REVIEW album Old Subbacultcha Old Subbacultcha

Between The Buried And Me Return With The Complex 'Coma Ecliptic'

Old Subbacultcha

Old Subbacultcha

Between the Buried and Me’s latest release is an album that is both crushingly heavy and beautifully melodic. 'Coma Ecliptic' is progressive metal in the truest sense of the word.


It is fitting for a band whose recent music has an air of Jeff Wayne’s War of the Worlds to go ahead and release a modern rock opera. Dan Briggs (Bass) comments "Spending the last year immersed in a world of Quadrophenia, Operation Mindcrime, The Wall- as well as Sondheim and Lloyd Webber musicals, Stravinsky and Mussorgsky symphonic suites. Writing an over the top, dramatic and forward thinking rock opera was the most natural thing to do."

This concept album follows the journey of a man stuck in a coma traveling through his past lives and each song is its own episode of the story. In each world he is offered a choice. Stay or carry on to try to find something better. Certainly an ambitious concept and one that would be very difficult to pull off, but Between the Buried and Me have managed to do it with apparent aplomb.

The band’s eclectic style of progressive metal draws from a range of genres which were excellently displayed in their previous outing 'The Parallax II'. 'Future Sequence' is back as strong as ever before, albeit with the far less distinct Jazz-fusion flavour seen on that album.

Boasting highly technical, long and meandering tracks that maintain a strong melodic core without it ever reaching a point where it seems that the band have lost their way, the latest sonic offering from Between the Buried and Me has successfully married heavy sections with softer, almost ethereal passages without either being overpowered. It is not just the lyrics here that tell the emotional tale.

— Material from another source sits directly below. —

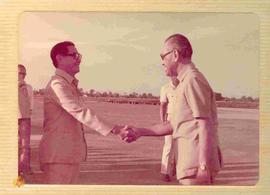 Sri Sultan Hamengku Buwono IX berjabat tangan dengan Gubernur Bengkulu Drs. Abdul Chalik sebelum ...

The album comes in at just over an hour in length and the standout song has to be "Coma Machine".Technical and sharp riffing intercut with slower and more delicate moments, the track is very reminiscent of early bands such as Uriah Heep and Yes.The juxtaposition between the two extremes lends the track the all-important quality of staying engaging throughout, a quality which is constant for the duration of "Coma Ecliptic".

Another track to take your time over is "Famine Wolf", which comes in with a barrage of bass and growls before flowing into a more minimalist section led by Tommy Rodgers vocals, culminating with the band’s signature complex guitar work. "Life in Velvet" is short by this group’s standard but is an excellent closing track. Managing to be upbeat and melancholic in equal measure, the whole song has an unmistakable Queen-esque sound.

'Coma Ecliptic' takes the listener on a journey, the peaks and troughs in the music driving the story forwards. Filled with gloriously complex instrumentation alongside a strong range of vocal styles, this album simply does not allow you to become inattentive. Between the Buried and Me have ensured their legacy as one of the most interesting groups in the modern musical landscape. This is an album they should be proud of.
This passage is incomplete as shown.